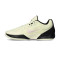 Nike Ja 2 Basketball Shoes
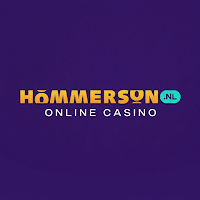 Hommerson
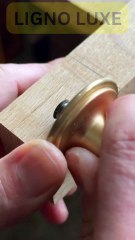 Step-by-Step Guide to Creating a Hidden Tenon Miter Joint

───

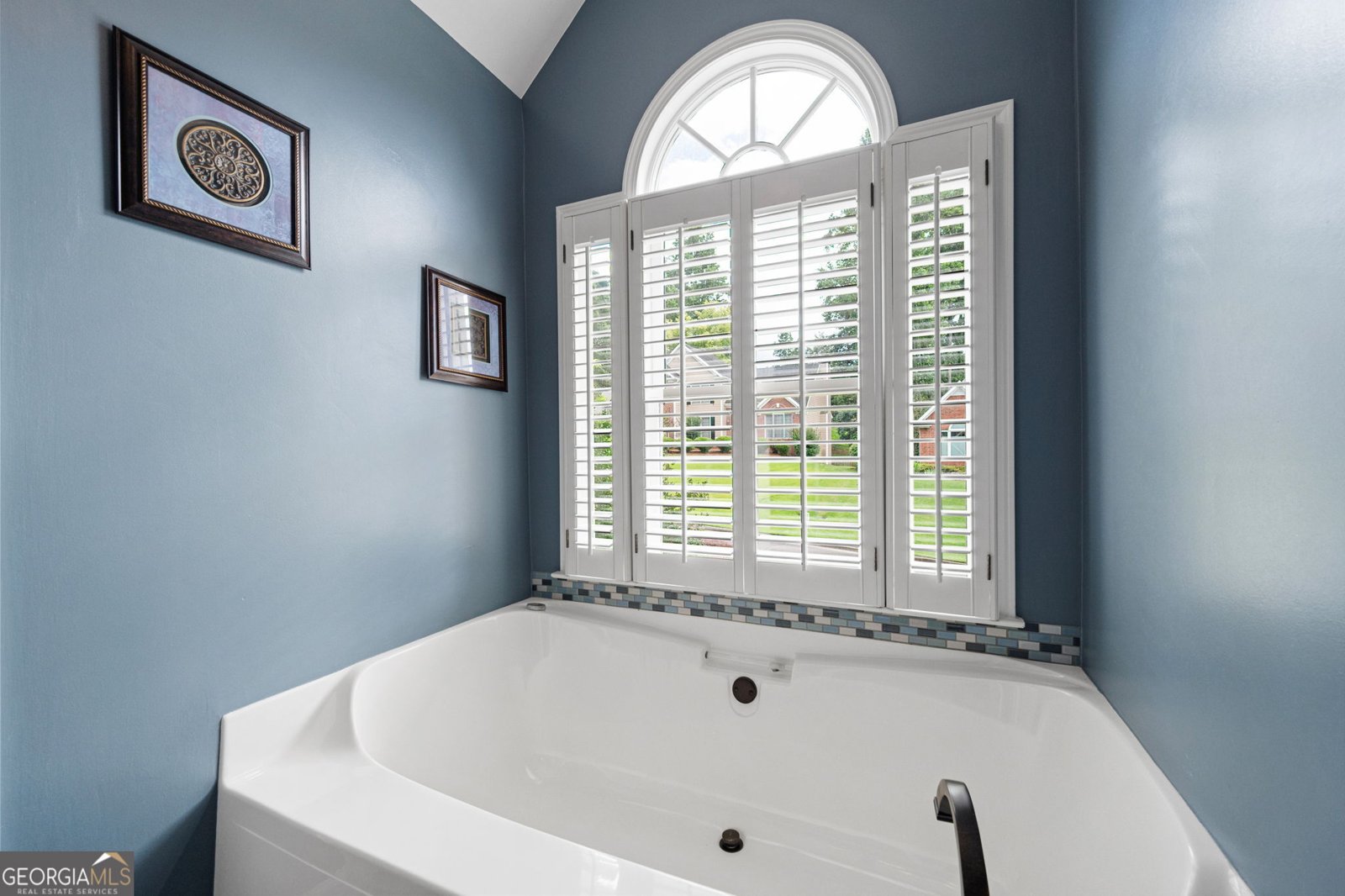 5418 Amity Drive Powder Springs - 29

───

_Exercise requirements_:
Each line between the one holding "Nike Ja 2 Basketball Shoes" and the one holding "Step-by-Step Guide to", inclusive, should be copied exactly as it appears above, and pictures should be omitted.

_Solution for this exercise_:
 Nike Ja 2 Basketball Shoes
 Hommerson
 Step-by-Step Guide to Creating a Hidden Tenon Miter Joint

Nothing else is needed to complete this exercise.